The same issue of Nature Materials that features Berkeley’s touch sensitive semiconductor based artificial skin we wrote about earlier today, also profiles another artificial skin from Stanford. This one is based on a rubber membrane stretched between two electrodes, similar to how electrostatic microphones and stethoscopes work.
Details from a Stanford press announcement:
Previous attempts at building a sensor of this type using a smooth film encountered problems.
“We found that with a very thin continuous film, when you press on it, the material does not have room to expand,” said Stefan Mannsfeld, a former postdoctoral researcher in chemical engineering and a coauthor. “So the molecules in the continuous rubber film are forced closer together and become entangled. When pressure is released, they cannot go back to the original arrangement, so the sensor doesn’t work as well.”
“The microstructuring we developed makes the rubber behave more like an ideal spring,” Mannsfeld said. The total thickness of the artificial skin, including the rubber layer and both electrodes, is less than one millimeter.
The largest sheet of sensors that Bao’s [Zhenan Bao, associate professor of chemical engineering] group has produced to date measures about seven centimeters on a side. The sheet exhibited a great deal of flexibility, indicating it should perform well when wrapped around a surface mimicking the curvature of something such as a human hand or the sharp angles of a robotic arm.
The sensors have from several hundred thousand up to 25 million pyramids per square centimeter.

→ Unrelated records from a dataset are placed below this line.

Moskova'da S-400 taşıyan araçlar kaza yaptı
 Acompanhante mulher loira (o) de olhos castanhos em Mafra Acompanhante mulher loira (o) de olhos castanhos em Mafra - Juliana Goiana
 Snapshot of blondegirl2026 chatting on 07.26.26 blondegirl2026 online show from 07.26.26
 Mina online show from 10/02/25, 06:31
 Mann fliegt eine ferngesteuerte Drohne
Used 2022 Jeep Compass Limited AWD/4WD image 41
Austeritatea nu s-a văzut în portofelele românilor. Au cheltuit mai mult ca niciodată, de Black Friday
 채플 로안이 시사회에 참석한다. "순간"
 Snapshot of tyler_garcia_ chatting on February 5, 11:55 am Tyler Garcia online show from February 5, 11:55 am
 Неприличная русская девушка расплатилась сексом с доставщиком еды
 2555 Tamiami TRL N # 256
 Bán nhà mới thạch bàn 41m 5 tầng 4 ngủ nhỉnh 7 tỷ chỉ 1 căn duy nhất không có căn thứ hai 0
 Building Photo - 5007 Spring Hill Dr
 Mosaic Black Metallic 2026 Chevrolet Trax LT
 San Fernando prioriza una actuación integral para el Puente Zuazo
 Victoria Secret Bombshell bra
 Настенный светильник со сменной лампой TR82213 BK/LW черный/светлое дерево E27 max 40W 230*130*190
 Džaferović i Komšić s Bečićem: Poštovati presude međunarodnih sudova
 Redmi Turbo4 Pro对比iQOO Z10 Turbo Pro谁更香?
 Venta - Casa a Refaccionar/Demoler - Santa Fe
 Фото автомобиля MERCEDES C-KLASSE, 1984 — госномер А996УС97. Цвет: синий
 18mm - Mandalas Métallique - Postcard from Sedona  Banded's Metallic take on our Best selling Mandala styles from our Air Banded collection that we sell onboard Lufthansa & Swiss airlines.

Under magnification, the array of tiny structures looks like the product of an ancient Egyptian micro-civilization obsessed with order and gone mad with productivity.
But that density allows the sensors to perceive pressures “in the range of a very, very gentle touch,” Bao said. By altering the configuration of the microstructure or the density of the sensors, she thinks the sensor can be refined to detect subtleties in the shape of an object.
The team also invented a new type of transistor in which they used the structured, flexible rubber film to replace a component that is normally rigid in a typical transistor. When pressure is applied to their new transistor, the pressure causes a change in the amount of current that the transistor puts out. The new, flexible transistors could also be used in making artificial skin, Bao said.
Press release: Stanford researchers’ new high-sensitivity electronic skin can feel a fly’s footsteps…
Abstract in Nature Materials: Highly sensitive flexible pressure sensors with microstructured rubber dielectric layers
(hat tip: Scope)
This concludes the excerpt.